Exercise description ->
Repeat every record exactly, but omit the images.

Task inputs ->
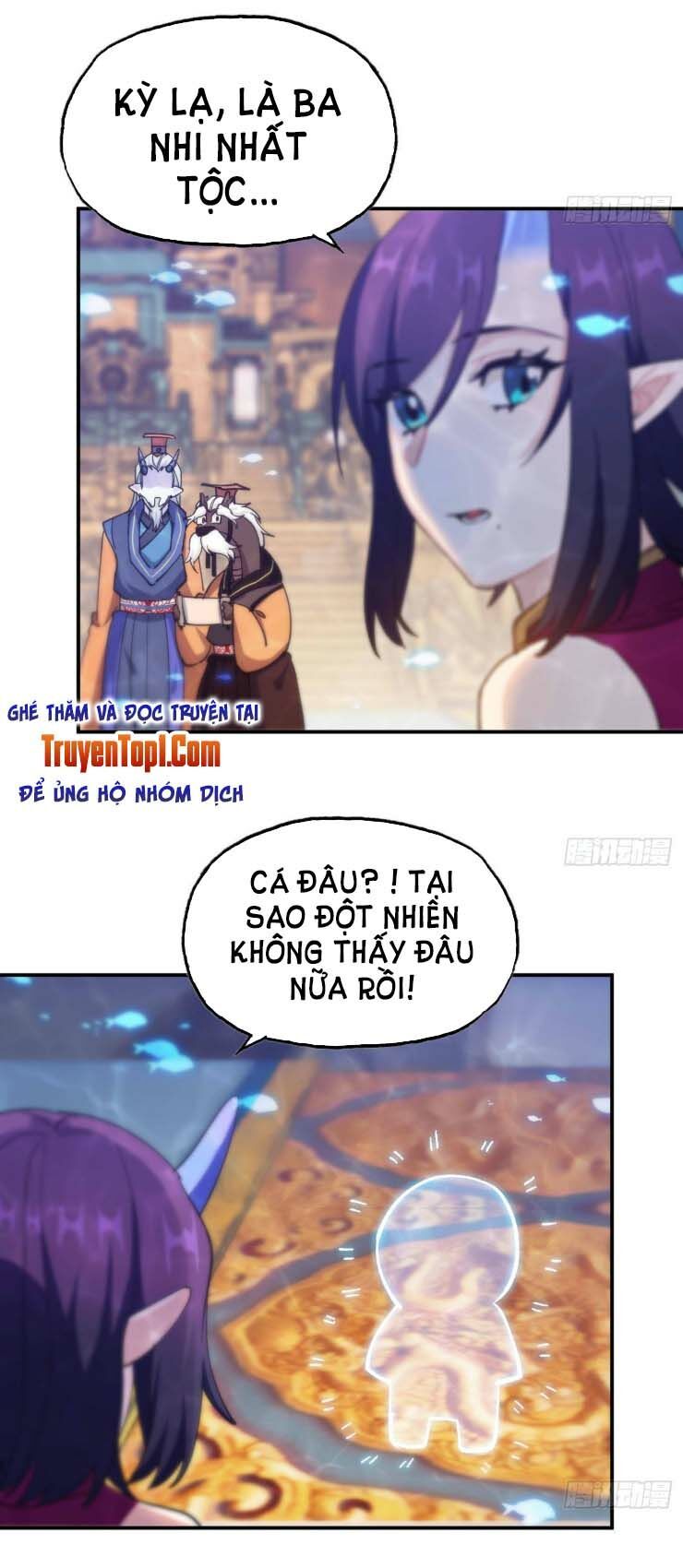 khởi đầu bằng một con côn chapter 99 8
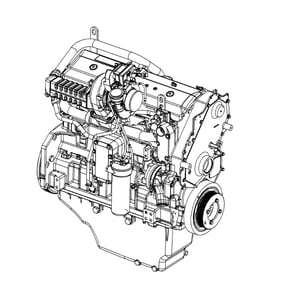 Diesel Engine Reman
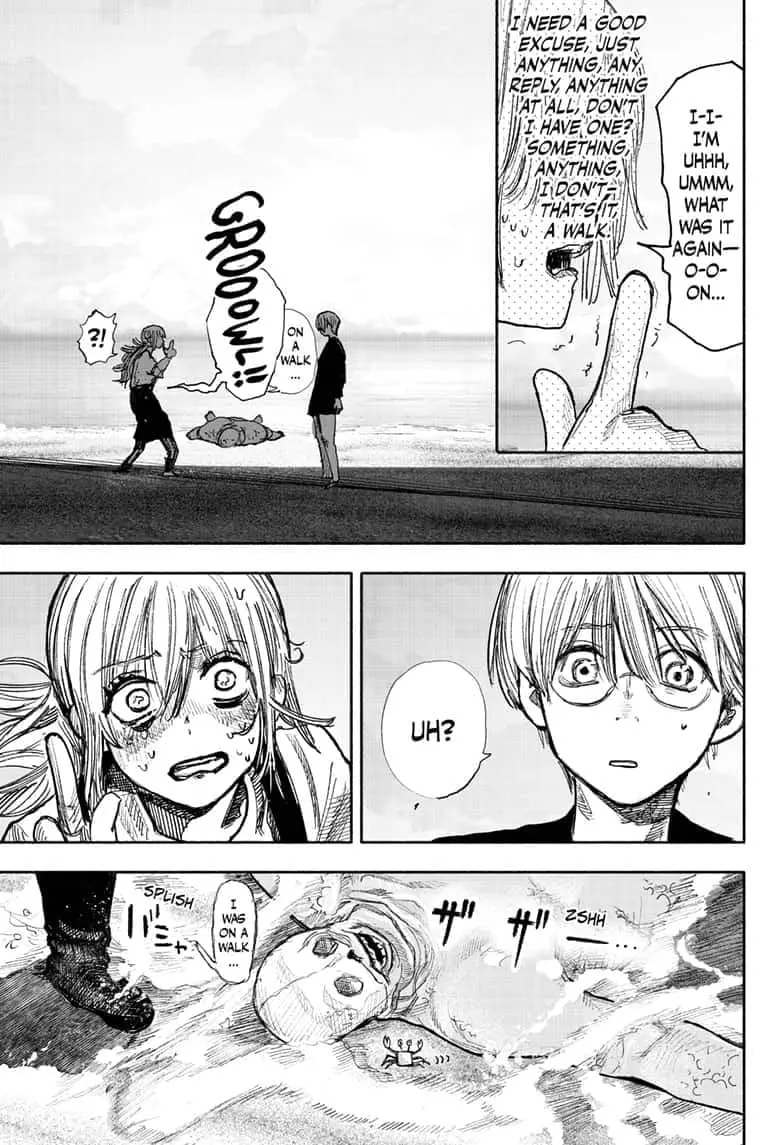 Choujin X β Chapter 39 β Page 39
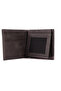 Genuine Leather Men's Wallet |   Astra 5218 – Tiguan Gray - 4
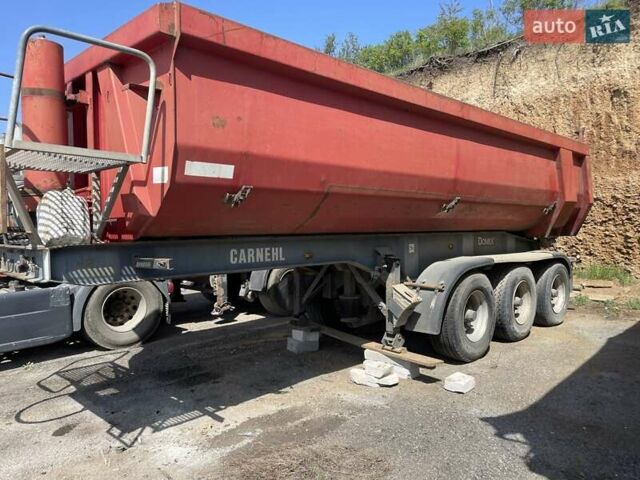 Красный Карнехл ЦХКС, объемом двигателя 0 л и пробегом 0 тыс. км за 13500 $, фото 4 на Automoto.ua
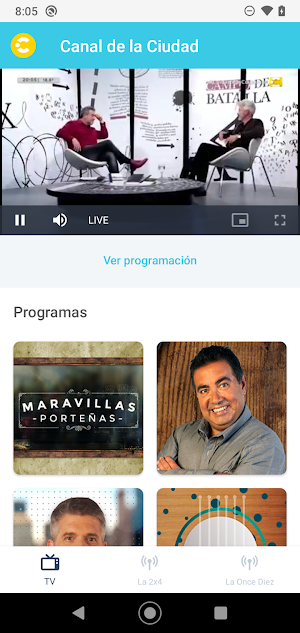 BA Medios Screenshot 0
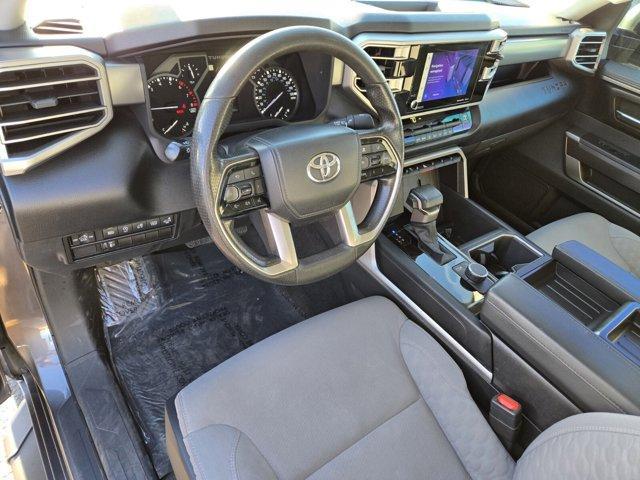 used 2022 Toyota Tundra car, priced at $37,206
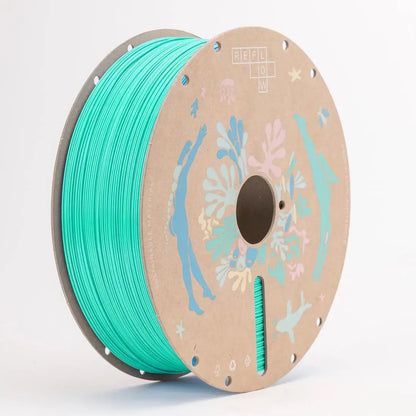 Reflow rPETG - Pastel Collection   Filament   3DPrintiverse.com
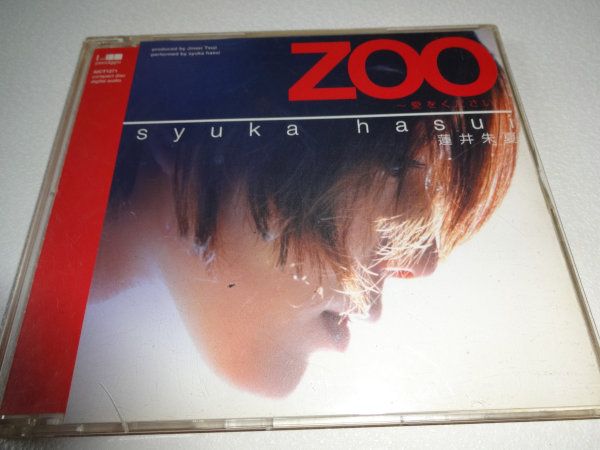 蓮井朱夏　菅野美穂　ZOO 愛をください_1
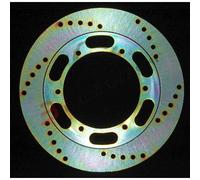 Disco De Freno Moto Para Yamaha VMAX 1200 Delantero Y Trasero EBC MD2068 Fijo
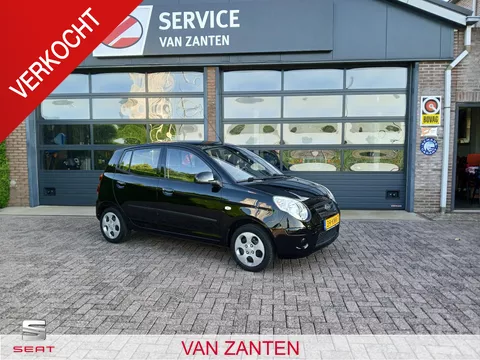 Kia Picanto 1.0 X-pect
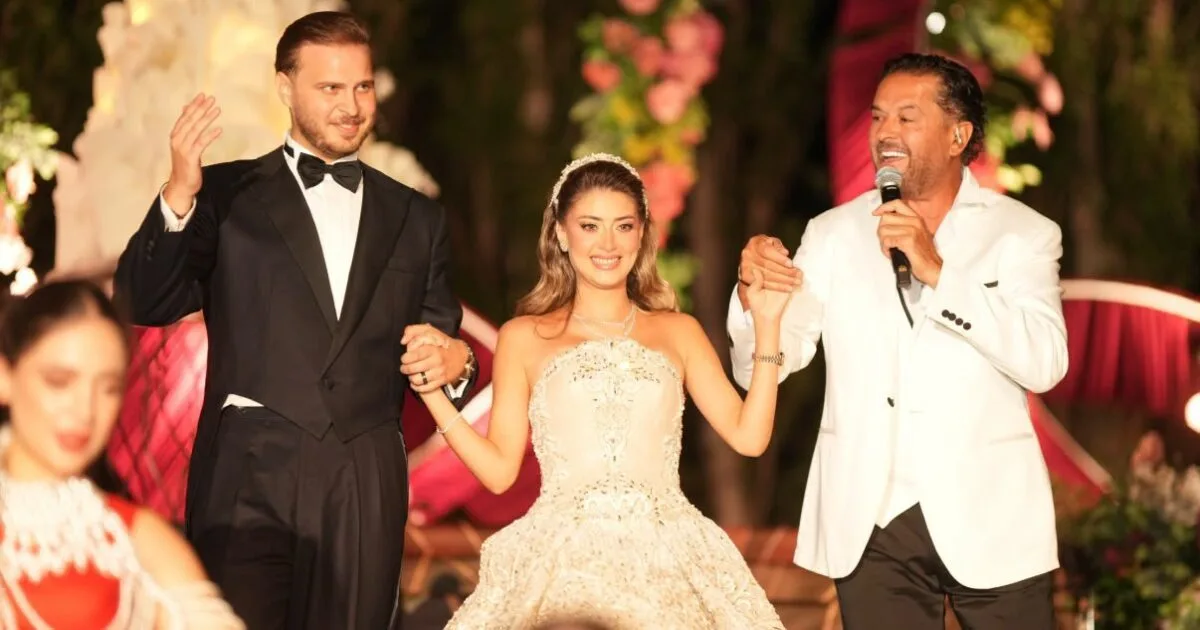 بعد 15 عامًا من الغياب.. راغب علامة يعود إلى دمشق ويلتقي وزير السياحة السوري تمهيدًا لحفل جماهيري مرتقب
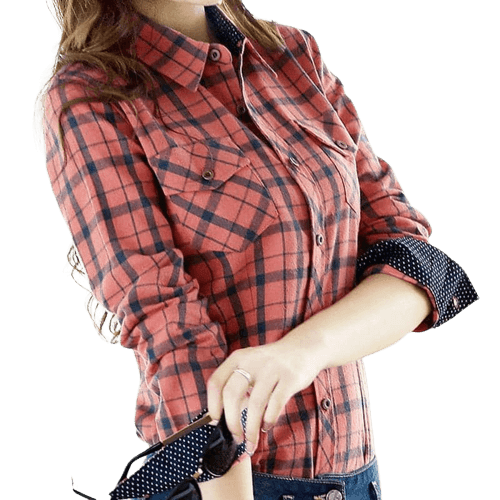 Westernreithemd für Damen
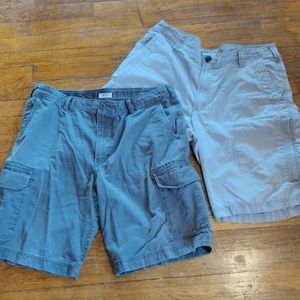 Men's shorts Izod Lee 36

Solved problem ->
 khởi đầu bằng một con côn chapter 99 8
 Diesel Engine Reman
 Choujin X β Chapter 39 β Page 39
 Genuine Leather Men's Wallet |   Astra 5218 – Tiguan Gray - 4
 Красный Карнехл ЦХКС, объемом двигателя 0 л и пробегом 0 тыс. км за 13500 $, фото 4 на Automoto.ua
 BA Medios Screenshot 0
 used 2022 Toyota Tundra car, priced at $37,206
 Reflow rPETG - Pastel Collection   Filament   3DPrintiverse.com
 蓮井朱夏　菅野美穂　ZOO 愛をください_1
 Disco De Freno Moto Para Yamaha VMAX 1200 Delantero Y Trasero EBC MD2068 Fijo
 Kia Picanto 1.0 X-pect
 بعد 15 عامًا من الغياب.. راغب علامة يعود إلى دمشق ويلتقي وزير السياحة السوري تمهيدًا لحفل جماهيري مرتقب
 Westernreithemd für Damen
 Men's shorts Izod Lee 36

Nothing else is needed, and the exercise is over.